The several contracts and leases put in evidence, though not contemporaneously executed, being between the same parties and pertaining to the same subject matter, should, I think, be construed together and all be deemed in force, except as modified or superseded by those of the later date. Such is the law in the interpretation of statutes in pari materia. Behan v. People, 17 N. Y. 516; People v. Smith, 69 id. 175; Plummer v. Murray, 51 Barb. 201, 202. Ro reason is apparent for not applying the same rule of construction to contracts.
It is a familiar rule that where instruments are executed at the same time and between the same parties, they are to be read together and considered as one (Knowles v. Toone, 96 N. Y. 534); and though it has been said, if they were *266executed at different dates they may not he read as one, all may be considered to see how far the first was modified by the second. Mott v. Richtmyer, 57 N. Y. 49, 65.

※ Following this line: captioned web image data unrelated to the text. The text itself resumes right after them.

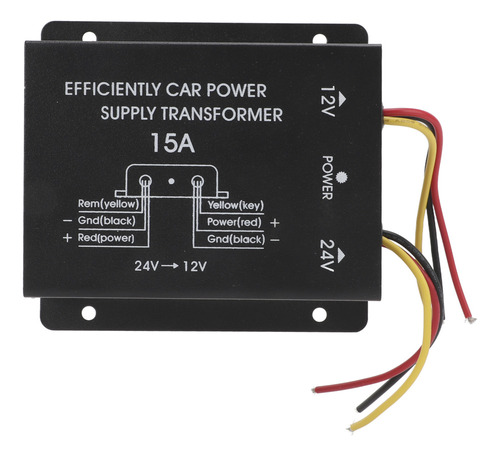 Convertidor De Corriente De 24 V A 12 V, Regulador De 15 A,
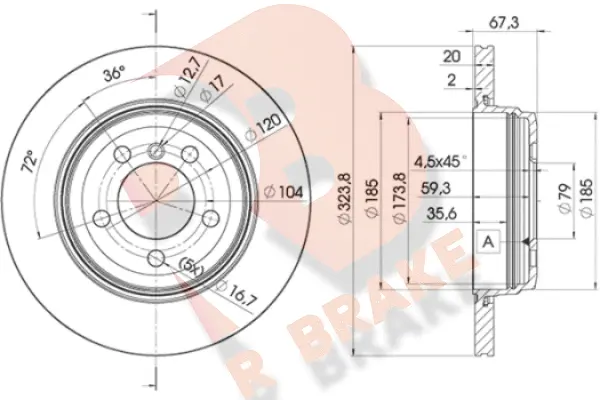 Brake Disc (78RBD26127)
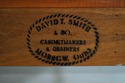 L66132EC: DAVID SMITH Tiger Maple Secretary Desk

This action, so far as I have been informed by the briefs and arguments of counsel, supplemented by my own investigation, is without precise precedent.
Novelty, however, is not an insuperable objection to the maintenance of a suit in equity (National Tradesmen’s Bank v. Wetmore, 124 N. Y. 250), or an action at law (Kujek v. Goldman, 150 id. 176).
For each form and kind of action, there must have been always a first case. So that the question is not so much whether there is a precedent — a beaten path that may be safely followed and traversed — but whether a wrong has been done or is threatened, which the law can redress or prevent. Id.
I do not understand how any serious question can be raised as to the binding force of the various engagements entered into by the Utica, Clinton & Binghamton Company and the Delaware and Hudson Company, to pay to the city of Utica the accruing rentals of the former road as rent, or .dividends on stock, to the extent of $10,000 annually. The bonding act provides that: “ The petition (of taxpayers) may be absolute or conditional; the acceptance of a subscription, founded on such petition, shall bind the railroad company accepting the same, to the observance of the condition or conditions specified in such petition.” Laws of 1872, chap. 925, § 1. This became a law May 12, 1871. The commissioners were appointed June 13, 1871.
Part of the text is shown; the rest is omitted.